- **Goal of the exercise**
Retype only what runs from the line with "Guardamar del Segura - El Raso" through the end of the entries, exactly and in full, but omit any picture you find.

- **Provided records**
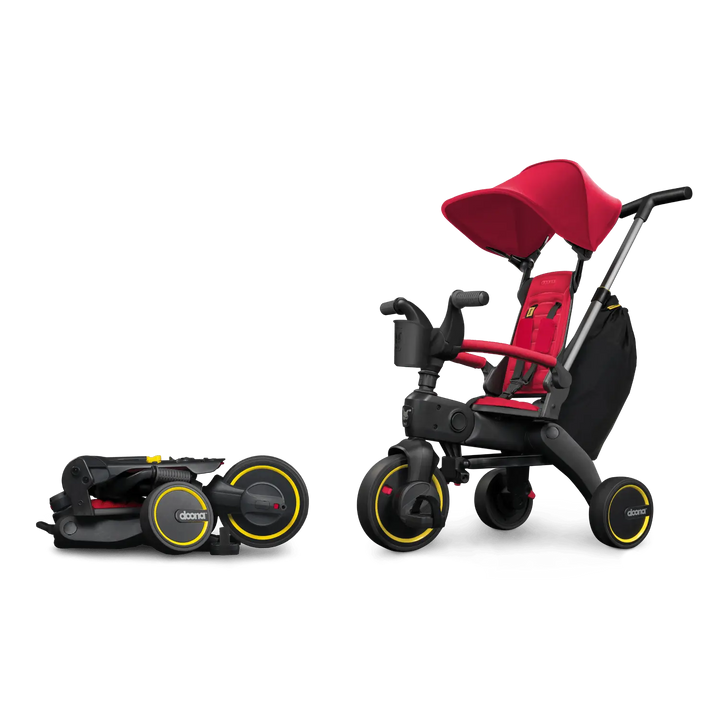 Doona Liki Trike S3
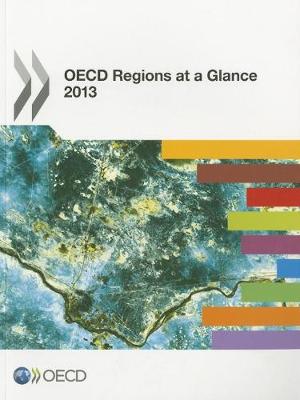 OECD regions at a glance 2013 (Paperback)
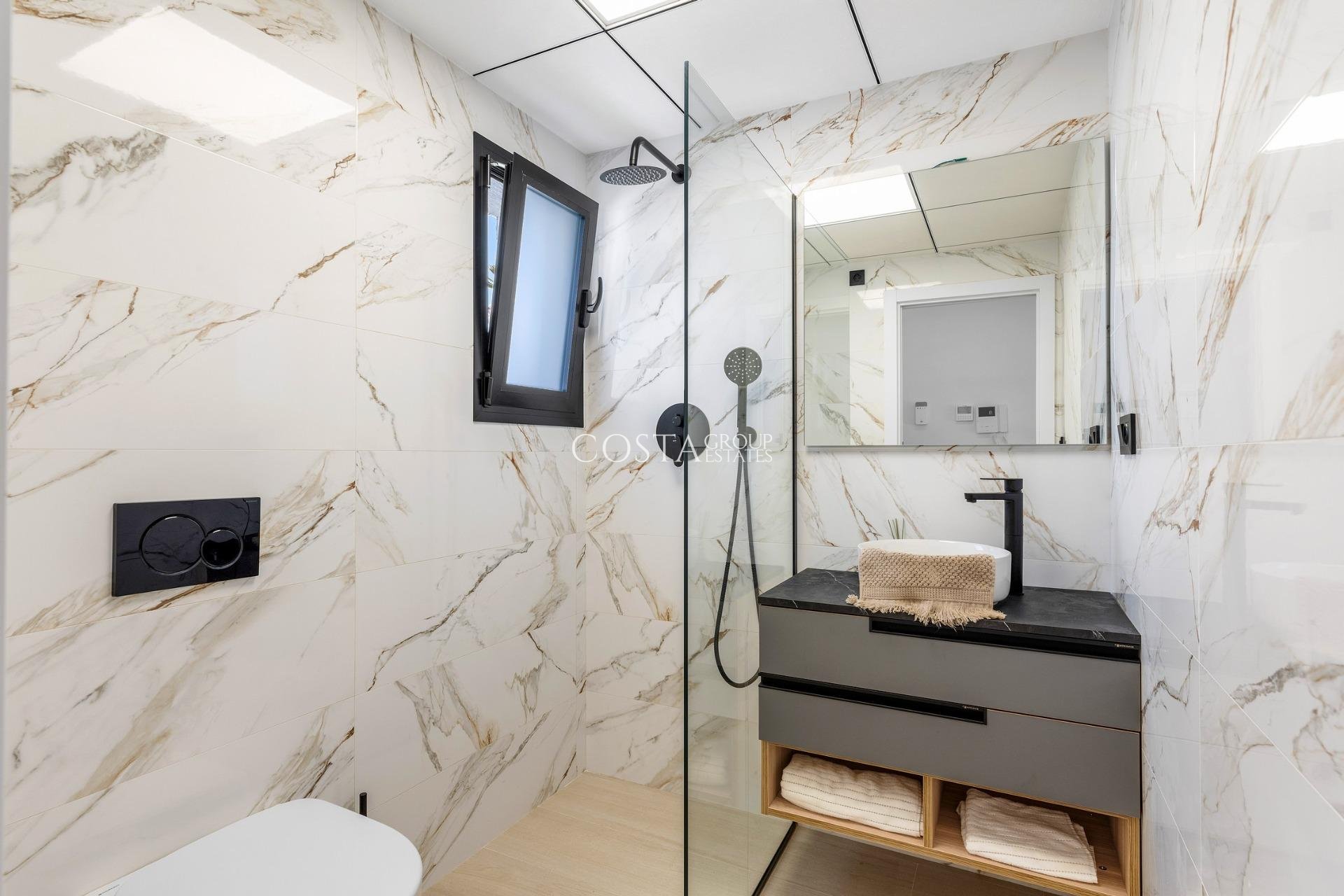 New Build - Apartments -
Guardamar del Segura - El Raso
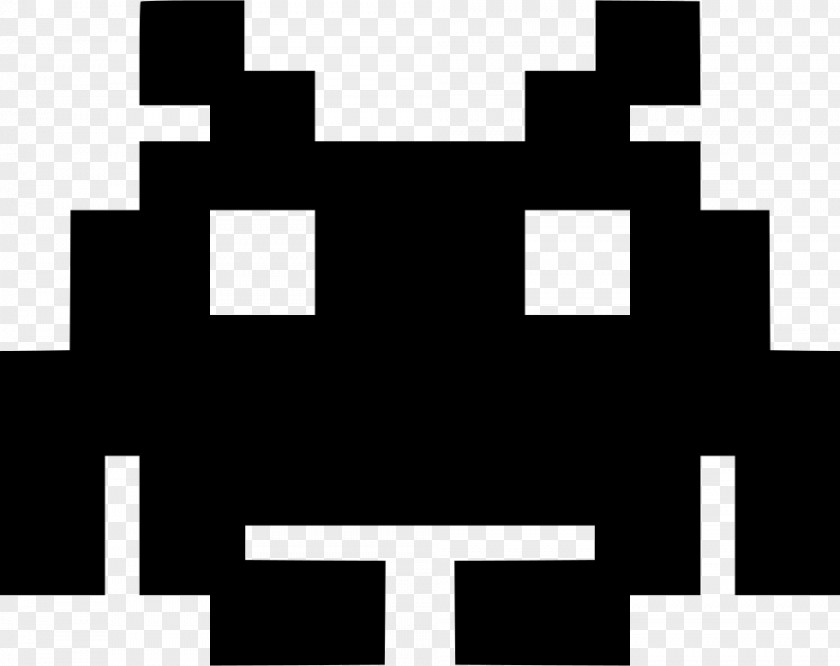 Space Invaders OpenGL Download PNG
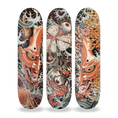 Load image into Gallery viewer, スプリット | Stu Pagdin | CAIRO®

- **Task answer**
Guardamar del Segura - El Raso
 Space Invaders OpenGL Download PNG
 Load image into Gallery viewer, スプリット | Stu Pagdin | CAIRO®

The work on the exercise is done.